В тот злополучный день Виктор Богданович из лабораторного корпуса, где он по совместительству вел на правах научного руководителя важную научно-исследовательскую работу, НИР, как принято сокращать в отчетах и бухгалтерских документах, спешил на лекцию. Работа не клеилась, не хватало комплектующих для опытного образца, задерживала монтажка, вычислители возились с ошибками в программах и чинили то и дело выходящую из строя капризную ЭВМ, компьютер третьего поколения, который в любом уважающем себя НИИ давно разобрали бы на детали или отдали в подшефную школу, сотрудники затеяли склоку, не поделив льготные путевки в кемпинг на берегу Азовского моря… Словом, голова была заполнена множеством самых разнообразных забот, пока ноги автоматически несли Виктора Богдановича с горки, где стоял лабораторный корпус, вниз к четырехэтажному помпезному зданию в стиле советского классицизма, украшенному греческим портиком, фронтон которого поддерживали кирпичные колонны с лепными капителями из бетона.
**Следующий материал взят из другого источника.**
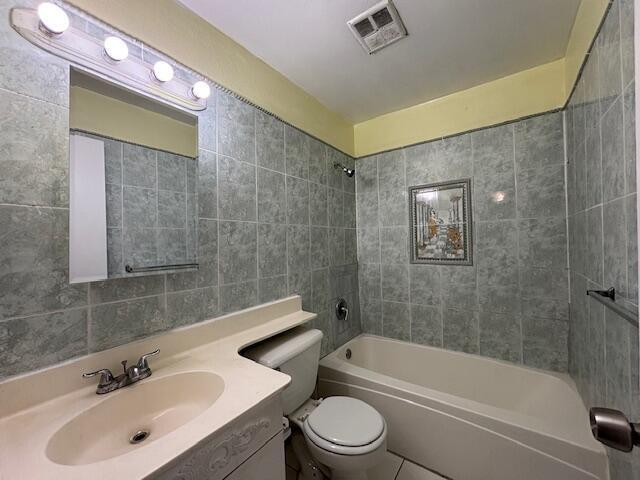  Condo & Townhome Photos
В возведении этой жемчужины институтского архитектурного ансамбля принимали участие несколько поколений студентов, отрабатывая здесь своеобразную трудовую повинность, капитальные стены во многих местах заполнялись вместо кирпичной кладки боем, из-за чего время от времени приходилось укреплять их изнутри сложными распорками из стальных профилированных балок, рассчитанных по всем правилам сопромата. Территория между лабораторным корпусом и этим зданием была усажена рядами плотных кустов, образующих живые изгороди, которые превращали даже сравнительно короткий путь в некое подобие паркового лабиринта. Выходя из очередного зеленого тоннеля, Виктор Богданович услыхал шум мотора спускающегося вслед за ним с горки грузовика, пропустил его и шагнул вперед, как только мимо него прошел задний борт… Раздался глухой удар, что-то рвануло Виктора Богдановича за левое плечо, косо повалилось небо, и все было кончено. Из-под прицепа работники «скорой» извлекли уже бездыханное тело.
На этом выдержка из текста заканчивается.